One of the biggest reasons is age: Cutler was 31 and in his 9th season last year, while Bridgewater was only a 22 year old rookie, making him one of the youngest rookies in the past 15 years to see significant playing time. A collection of studies on quarterback aging from Chase, Neil Paine, and Brian Burke show that as a group, quarterbacks rapidly improve into their late 20s, peak for a few years, and then begin an accelerating decline throughout their 30s. This expected improvement lends promise to Bridgewater’s young career while the projected decline condemns Cutler’s, which informs our opinions and feelings on these quarterbacks. As such, I decided to create a system that more accurately reflects a team’s quarterback situation.

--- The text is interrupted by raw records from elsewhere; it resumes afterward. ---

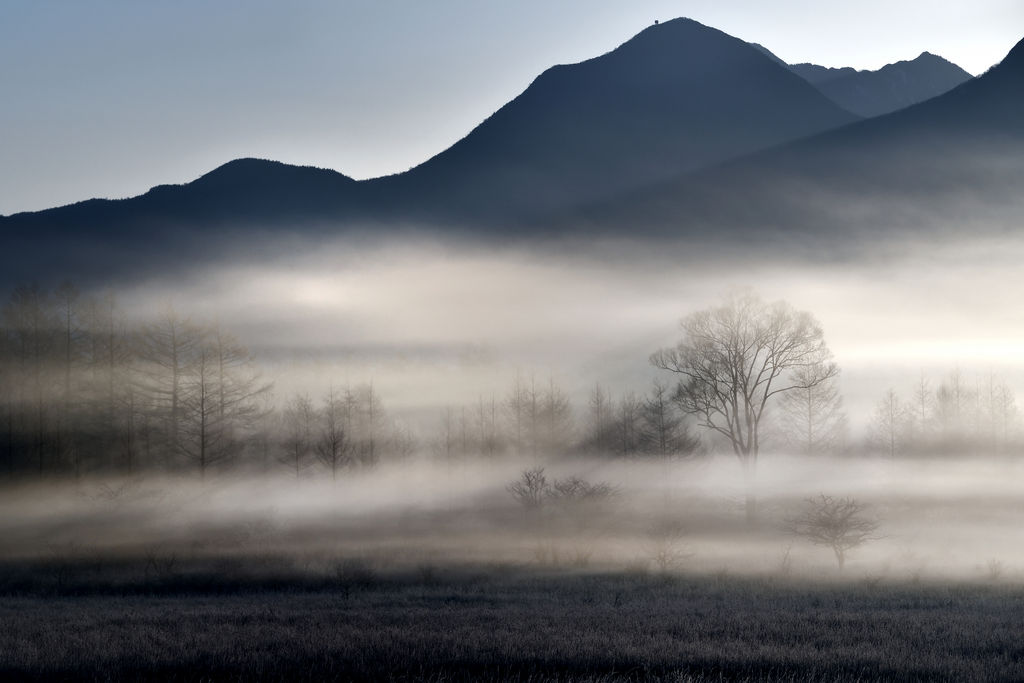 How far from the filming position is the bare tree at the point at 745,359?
164 feet

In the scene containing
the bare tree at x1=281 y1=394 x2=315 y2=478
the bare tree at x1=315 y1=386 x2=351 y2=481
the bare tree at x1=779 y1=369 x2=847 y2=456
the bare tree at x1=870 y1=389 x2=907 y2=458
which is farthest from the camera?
the bare tree at x1=870 y1=389 x2=907 y2=458

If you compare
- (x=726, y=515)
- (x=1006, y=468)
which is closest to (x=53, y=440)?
(x=726, y=515)

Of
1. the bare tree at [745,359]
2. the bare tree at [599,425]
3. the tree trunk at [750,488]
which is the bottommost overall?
the tree trunk at [750,488]

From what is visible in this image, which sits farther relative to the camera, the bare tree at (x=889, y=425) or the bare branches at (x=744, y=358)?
the bare tree at (x=889, y=425)

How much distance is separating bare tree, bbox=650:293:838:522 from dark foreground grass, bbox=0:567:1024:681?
72.6 feet

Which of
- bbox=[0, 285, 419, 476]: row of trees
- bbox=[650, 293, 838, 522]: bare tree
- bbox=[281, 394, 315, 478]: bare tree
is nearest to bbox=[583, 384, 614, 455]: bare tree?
bbox=[281, 394, 315, 478]: bare tree

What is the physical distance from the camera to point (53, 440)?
54000mm

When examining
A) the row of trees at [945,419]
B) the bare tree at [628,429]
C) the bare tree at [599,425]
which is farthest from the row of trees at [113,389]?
the row of trees at [945,419]

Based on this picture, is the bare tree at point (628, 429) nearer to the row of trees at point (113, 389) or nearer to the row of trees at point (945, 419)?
the row of trees at point (945, 419)

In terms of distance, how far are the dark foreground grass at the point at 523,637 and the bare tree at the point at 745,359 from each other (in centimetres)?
2211

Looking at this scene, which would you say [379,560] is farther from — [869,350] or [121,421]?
[869,350]

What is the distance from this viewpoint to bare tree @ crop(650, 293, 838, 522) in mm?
50125

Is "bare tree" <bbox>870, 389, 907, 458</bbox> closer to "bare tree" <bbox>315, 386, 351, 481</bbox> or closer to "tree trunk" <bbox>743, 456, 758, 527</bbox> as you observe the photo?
"tree trunk" <bbox>743, 456, 758, 527</bbox>

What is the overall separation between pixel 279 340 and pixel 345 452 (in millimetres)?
39585
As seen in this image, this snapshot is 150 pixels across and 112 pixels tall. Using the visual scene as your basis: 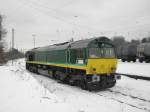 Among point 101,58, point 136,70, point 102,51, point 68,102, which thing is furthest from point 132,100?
point 136,70

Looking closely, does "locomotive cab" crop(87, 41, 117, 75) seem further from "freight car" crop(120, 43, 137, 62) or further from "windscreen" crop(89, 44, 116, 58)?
"freight car" crop(120, 43, 137, 62)

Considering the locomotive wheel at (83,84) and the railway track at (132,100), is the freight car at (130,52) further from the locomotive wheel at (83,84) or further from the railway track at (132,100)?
the railway track at (132,100)

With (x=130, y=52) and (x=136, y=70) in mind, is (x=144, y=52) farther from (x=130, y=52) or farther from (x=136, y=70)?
(x=136, y=70)

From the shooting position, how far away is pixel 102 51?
12844 mm

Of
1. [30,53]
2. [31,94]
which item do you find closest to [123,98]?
[31,94]

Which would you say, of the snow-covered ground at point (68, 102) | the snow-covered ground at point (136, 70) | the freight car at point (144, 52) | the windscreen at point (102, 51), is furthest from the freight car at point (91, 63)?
the freight car at point (144, 52)

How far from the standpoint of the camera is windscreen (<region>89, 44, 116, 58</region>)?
12.4 meters

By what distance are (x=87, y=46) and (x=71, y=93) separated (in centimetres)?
288

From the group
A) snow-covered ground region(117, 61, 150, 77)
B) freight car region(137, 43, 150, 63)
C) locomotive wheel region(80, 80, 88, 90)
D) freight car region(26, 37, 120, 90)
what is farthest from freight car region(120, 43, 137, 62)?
locomotive wheel region(80, 80, 88, 90)

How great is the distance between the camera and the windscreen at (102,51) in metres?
12.4

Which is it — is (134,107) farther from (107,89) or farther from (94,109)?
(107,89)

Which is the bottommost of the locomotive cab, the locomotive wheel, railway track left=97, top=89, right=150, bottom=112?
railway track left=97, top=89, right=150, bottom=112

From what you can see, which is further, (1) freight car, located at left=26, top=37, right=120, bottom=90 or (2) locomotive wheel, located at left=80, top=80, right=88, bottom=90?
(2) locomotive wheel, located at left=80, top=80, right=88, bottom=90

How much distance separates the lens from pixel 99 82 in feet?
41.2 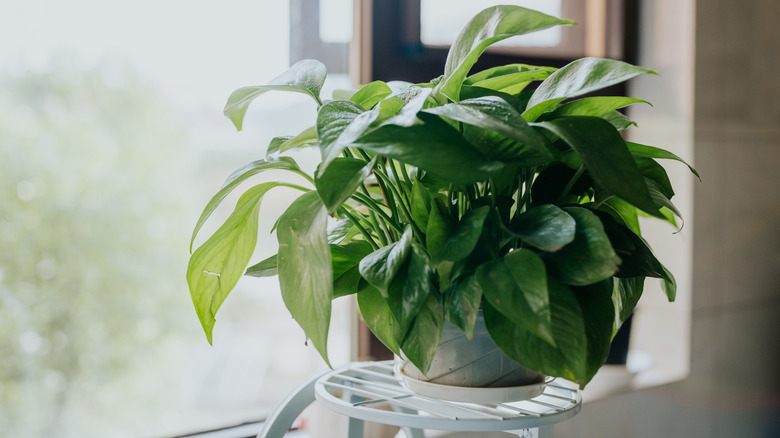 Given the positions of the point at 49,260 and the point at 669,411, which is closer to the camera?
the point at 49,260

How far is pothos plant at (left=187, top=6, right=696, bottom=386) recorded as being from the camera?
450 mm

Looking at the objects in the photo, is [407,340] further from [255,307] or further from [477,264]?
[255,307]

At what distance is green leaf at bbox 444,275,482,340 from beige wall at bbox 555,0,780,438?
1055 mm

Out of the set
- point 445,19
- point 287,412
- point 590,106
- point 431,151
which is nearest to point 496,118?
point 431,151

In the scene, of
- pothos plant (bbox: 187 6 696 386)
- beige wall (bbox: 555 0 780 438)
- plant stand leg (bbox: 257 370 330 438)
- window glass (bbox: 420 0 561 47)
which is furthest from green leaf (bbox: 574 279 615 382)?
beige wall (bbox: 555 0 780 438)

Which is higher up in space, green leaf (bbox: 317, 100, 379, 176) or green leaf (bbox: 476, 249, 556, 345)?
green leaf (bbox: 317, 100, 379, 176)

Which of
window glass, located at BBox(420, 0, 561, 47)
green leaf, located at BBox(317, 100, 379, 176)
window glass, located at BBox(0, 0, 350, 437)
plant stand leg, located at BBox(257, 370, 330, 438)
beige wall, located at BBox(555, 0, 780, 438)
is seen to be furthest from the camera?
beige wall, located at BBox(555, 0, 780, 438)

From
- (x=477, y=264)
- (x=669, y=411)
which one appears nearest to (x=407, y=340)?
(x=477, y=264)

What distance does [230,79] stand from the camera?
1055 millimetres

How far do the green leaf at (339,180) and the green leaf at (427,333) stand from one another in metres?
0.11

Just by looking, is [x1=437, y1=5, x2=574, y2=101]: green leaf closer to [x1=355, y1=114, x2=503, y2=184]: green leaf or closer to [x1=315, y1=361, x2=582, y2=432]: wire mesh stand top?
[x1=355, y1=114, x2=503, y2=184]: green leaf

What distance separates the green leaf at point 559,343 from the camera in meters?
0.45

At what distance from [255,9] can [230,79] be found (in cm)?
13

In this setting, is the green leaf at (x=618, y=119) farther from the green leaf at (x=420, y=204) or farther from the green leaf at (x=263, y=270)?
the green leaf at (x=263, y=270) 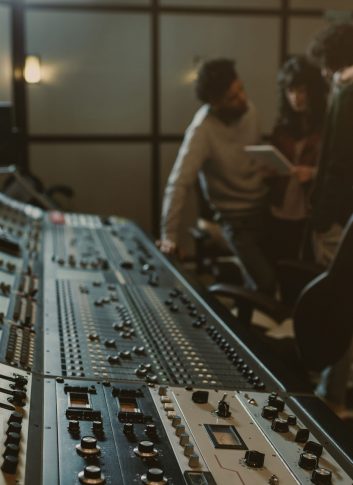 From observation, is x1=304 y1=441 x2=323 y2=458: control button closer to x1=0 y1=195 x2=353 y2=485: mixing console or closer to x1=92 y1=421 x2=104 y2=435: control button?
x1=0 y1=195 x2=353 y2=485: mixing console

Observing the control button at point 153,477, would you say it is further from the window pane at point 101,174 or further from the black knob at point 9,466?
the window pane at point 101,174

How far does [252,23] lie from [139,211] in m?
1.81

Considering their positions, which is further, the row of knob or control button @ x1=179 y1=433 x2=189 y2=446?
control button @ x1=179 y1=433 x2=189 y2=446

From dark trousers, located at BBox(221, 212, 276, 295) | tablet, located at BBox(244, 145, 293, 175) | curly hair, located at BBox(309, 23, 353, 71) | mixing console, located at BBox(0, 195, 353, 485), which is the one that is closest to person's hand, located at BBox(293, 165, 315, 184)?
tablet, located at BBox(244, 145, 293, 175)

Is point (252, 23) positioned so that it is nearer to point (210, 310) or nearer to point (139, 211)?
point (139, 211)

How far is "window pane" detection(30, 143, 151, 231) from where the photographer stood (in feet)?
20.4

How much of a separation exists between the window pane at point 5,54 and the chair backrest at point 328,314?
450cm

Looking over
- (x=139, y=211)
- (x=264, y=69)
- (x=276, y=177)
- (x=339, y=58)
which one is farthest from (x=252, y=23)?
(x=339, y=58)

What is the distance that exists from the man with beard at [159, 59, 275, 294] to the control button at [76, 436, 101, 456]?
8.26 ft

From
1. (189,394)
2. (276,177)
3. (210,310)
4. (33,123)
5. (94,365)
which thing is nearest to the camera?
(189,394)

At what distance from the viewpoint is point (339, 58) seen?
2.84 metres

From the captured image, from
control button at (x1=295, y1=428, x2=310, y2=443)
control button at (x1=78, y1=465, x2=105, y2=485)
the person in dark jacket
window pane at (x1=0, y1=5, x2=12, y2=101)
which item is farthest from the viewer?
window pane at (x1=0, y1=5, x2=12, y2=101)

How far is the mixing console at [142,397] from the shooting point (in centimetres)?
103

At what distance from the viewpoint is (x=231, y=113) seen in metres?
3.73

Still a work in progress, I started simple while I worked out the concepts. Based on the aging studies referenced above, I created four age buckets: Young, Prime, Aging, and Old. The theory behind each bucket is straightforward – Young quarterbacks (25 and under) are expected to significantly improve in the upcoming seasons, Prime quarterbacks (26-30) are at or near their peak, Aging quarterbacks (31-35) aren’t likely to get any better and may decline slightly, and Old quarterbacks (36+) are in danger of falling off a cliff (or even retiring!) in the very near future. This makes Old quarterbacks a high risk proposition – the upside is excellent QB play as only the best QBs last long enough to still be starting caliber into their late 30s, but the end can come suddenly and without much warning.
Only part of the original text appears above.